• WORK ORDER: Go through the records and report each line holding the string "with".

□ □ □ □ □

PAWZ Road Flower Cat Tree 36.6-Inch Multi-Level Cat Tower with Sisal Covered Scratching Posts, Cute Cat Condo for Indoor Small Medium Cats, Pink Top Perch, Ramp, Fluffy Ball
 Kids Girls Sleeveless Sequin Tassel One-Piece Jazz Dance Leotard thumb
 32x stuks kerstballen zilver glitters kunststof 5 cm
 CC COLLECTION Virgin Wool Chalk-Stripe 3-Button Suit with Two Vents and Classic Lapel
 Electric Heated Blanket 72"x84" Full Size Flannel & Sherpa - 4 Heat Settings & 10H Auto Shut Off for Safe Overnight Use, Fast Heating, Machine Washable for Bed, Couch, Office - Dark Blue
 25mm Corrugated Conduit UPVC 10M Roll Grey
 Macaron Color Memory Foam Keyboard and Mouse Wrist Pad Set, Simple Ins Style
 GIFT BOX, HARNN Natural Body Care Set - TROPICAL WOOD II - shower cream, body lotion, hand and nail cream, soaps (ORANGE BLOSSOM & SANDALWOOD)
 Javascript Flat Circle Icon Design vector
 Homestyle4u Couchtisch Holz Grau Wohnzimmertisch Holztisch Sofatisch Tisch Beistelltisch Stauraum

□ □ □ □ □

• REPLY TO THE EXERCISE:
PAWZ Road Flower Cat Tree 36.6-Inch Multi-Level Cat Tower with Sisal Covered Scratching Posts, Cute Cat Condo for Indoor Small Medium Cats, Pink Top Perch, Ramp, Fluffy Ball
 CC COLLECTION Virgin Wool Chalk-Stripe 3-Button Suit with Two Vents and Classic Lapel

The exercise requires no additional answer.